WORK ITEM: Repeat word for word the lines from the one containing "Laden Sie das" to the end of the material below, and leave all pictures out.
── DATA
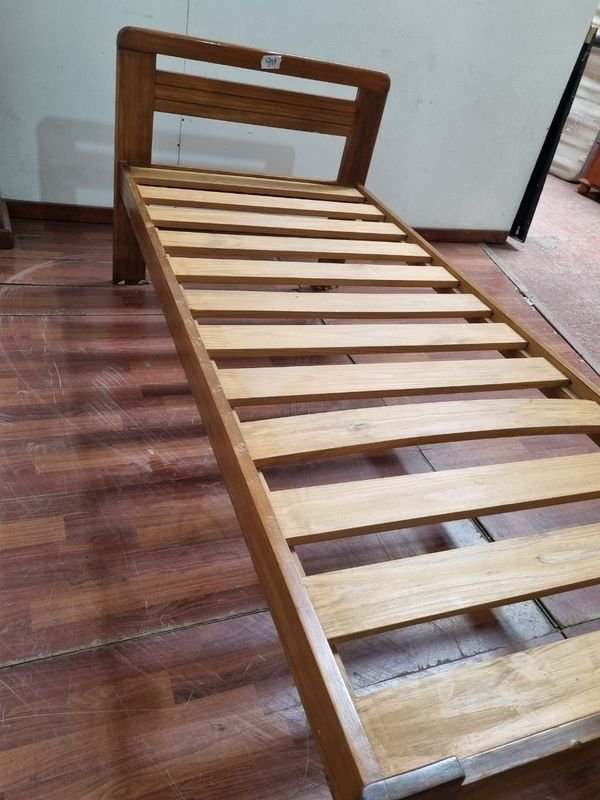 Cama de madera con estructura y colchón - imagen 5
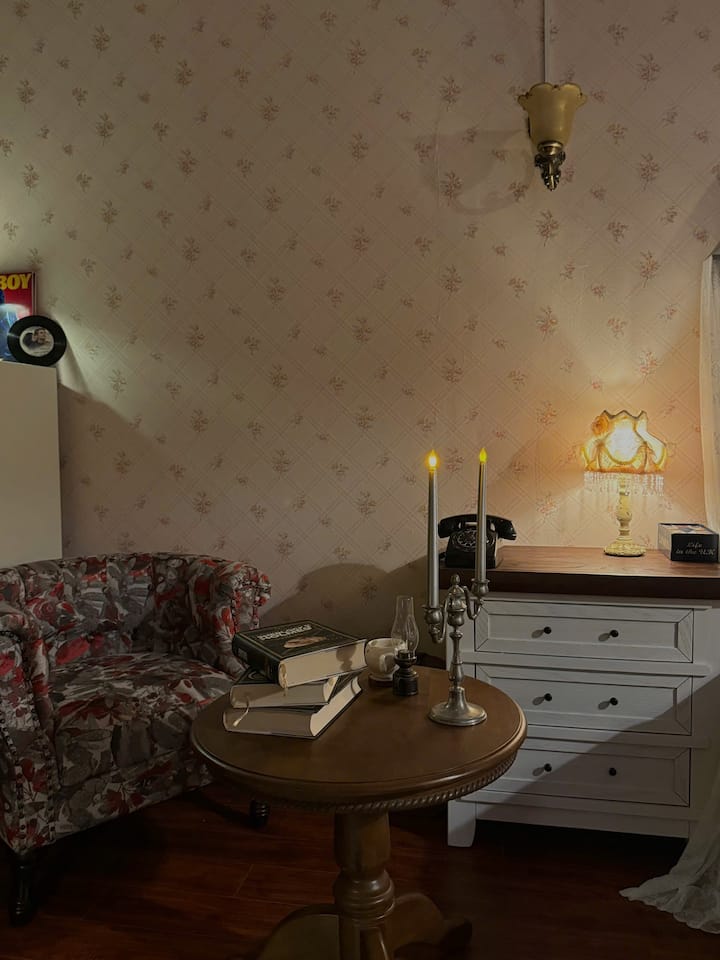 221b Baker Homestay

Vintage • Mystery • Chill - Binh Duong
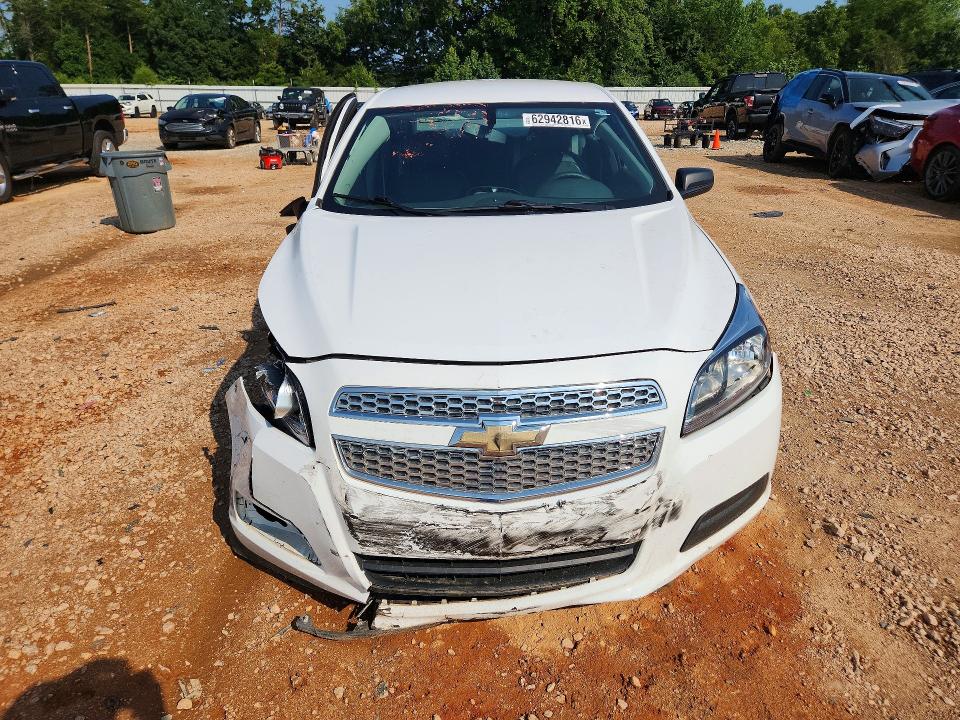 Photo 5 from auction – 2013 CHEVROLET MALIBU with VIN 1G11B5SA8DF165646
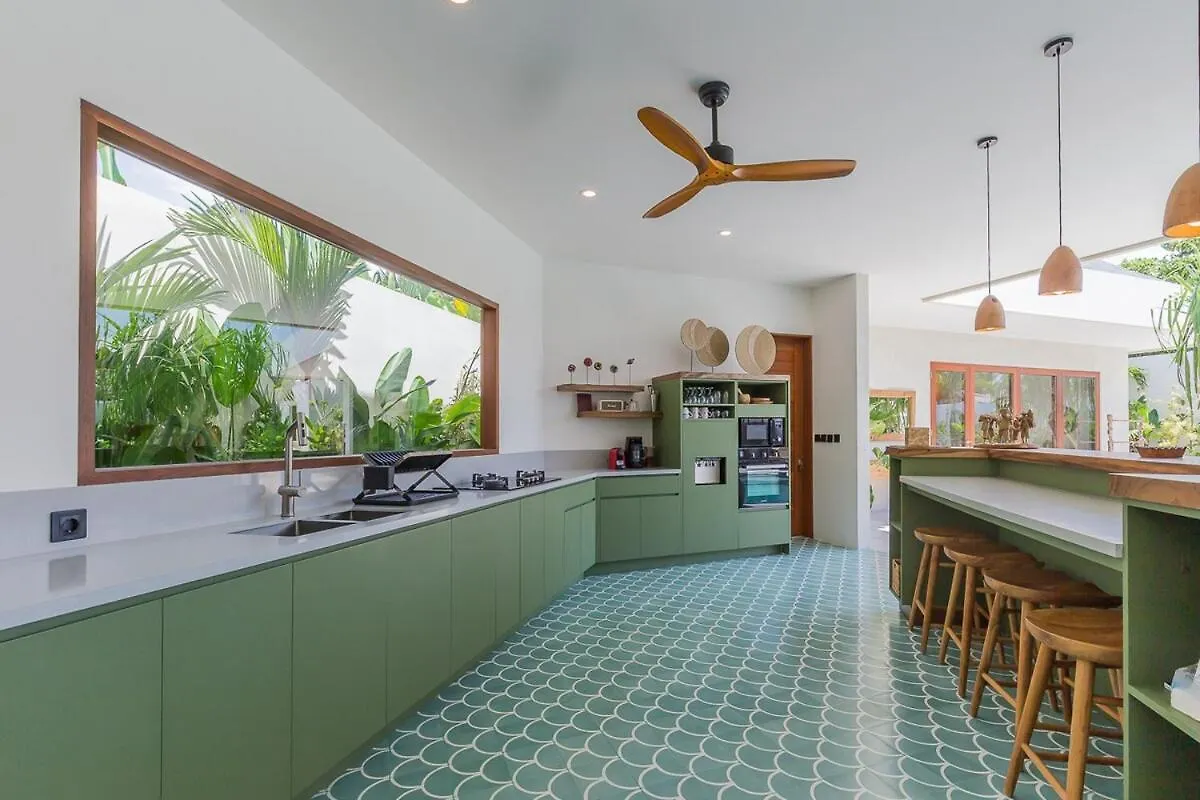 Villa Jinjah Soul Luxury 5Br Villa,18M Pool & Garden スミニャック インドネシア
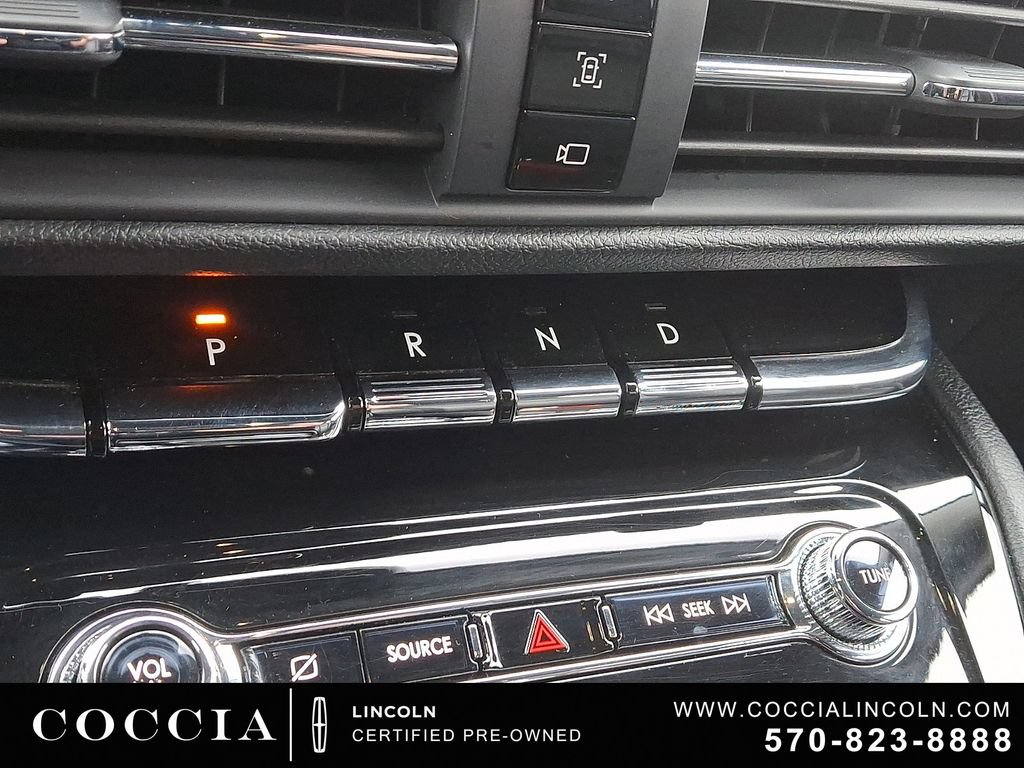 Certified 2022 Lincoln Corsair AWD w/ Equipment Group 101A image 15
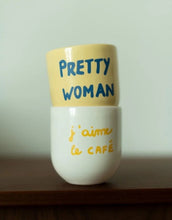 Laden Sie das Bild in den Galerie-Viewer, SISI House of Style Becher J’aime le café, weißer Keramikbecher mit Schriftzug, handgefertigt, 8 x 8 x 8 cm.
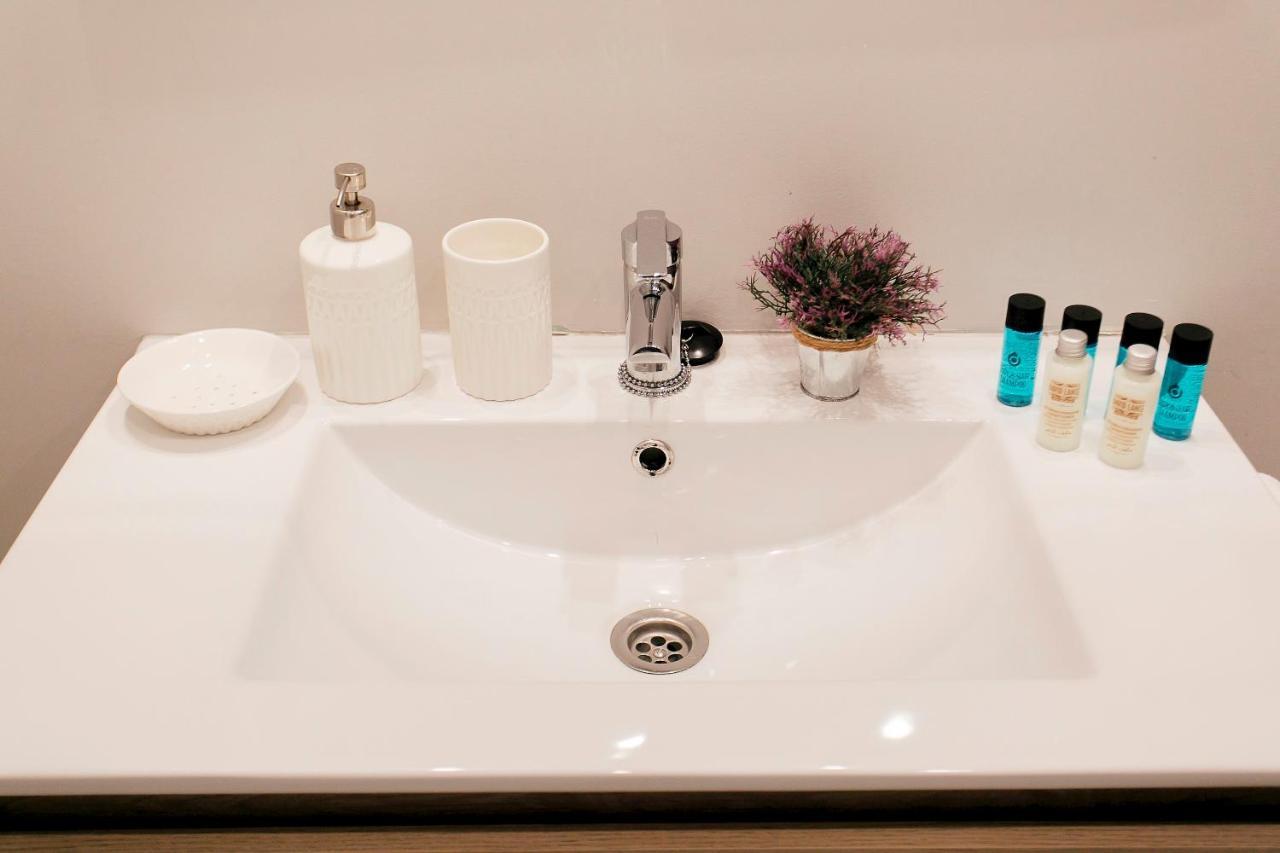Minty Stay - 3Bd Cathedral Seville Luaran gambar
────
TASK OUTPUT:
 Laden Sie das Bild in den Galerie-Viewer, SISI House of Style Becher J’aime le café, weißer Keramikbecher mit Schriftzug, handgefertigt, 8 x 8 x 8 cm.
Minty Stay - 3Bd Cathedral Seville Luaran gambar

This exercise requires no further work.